Just like it took me a couple of years to find out there is an electronic music compilation with the same name as my blog, there is a compilation of Canadian artists with this same title, but that isn't what I'm concerned about today. I'm talking about a world that will no longer know the charms of lugging around clunky devices and media. Kids these days. Sheesh.
For example: Students at my school will probably never fully grasp the concept of "quarter til" or "half past." Instead they will only know "eleven forty-three" or "nine thirty-two." For them, it will never be "about three." It will always be precisely two fifty-seven. That doesn't mean they won't continue to ask me when recess is.
I teach first and second graders who have their own cell phones. The idea that they would need these machines to keep in touch with their friends and family confounds me, since they are ten steps away from a phone in any classroom, and on the playground they tend to respond best to one another at the tops of their lungs. I have not had to intervene in any texting-generated chaos, but with our fourth and fifth graders, I suspect it's only a matter of time.
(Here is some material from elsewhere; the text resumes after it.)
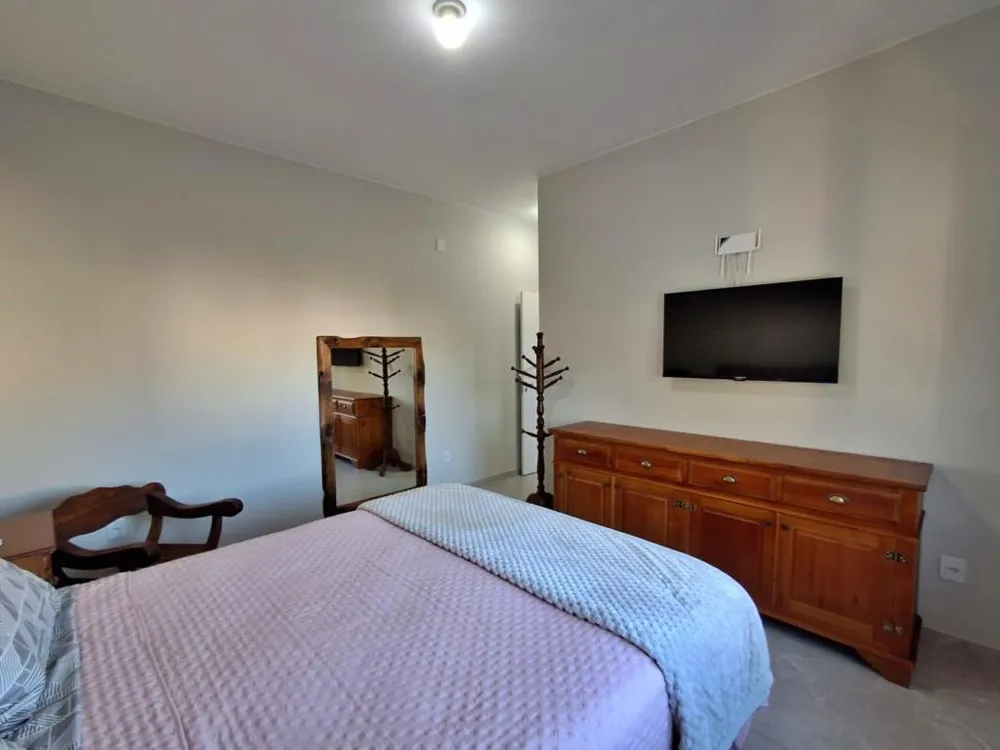 Casa, 3 quartos, 134 m² - Foto 12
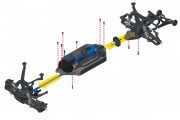 TRX67086-4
And what about music? It comes at them from everywhere. Great streaming chunks of music, from computers and iPods and phones and anything that can spit out an mp3 file. CDs are a waste of time, and don't even try to discuss the concept of music by friction with them. A broken record is something that Usain Bolt makes.
At the end of the day, it's all about Mister Caven being mired in the past. Not exactly what you'd expect from a guy who wishes for his own personal jet-pack, but life is full of contradictions, isn't it?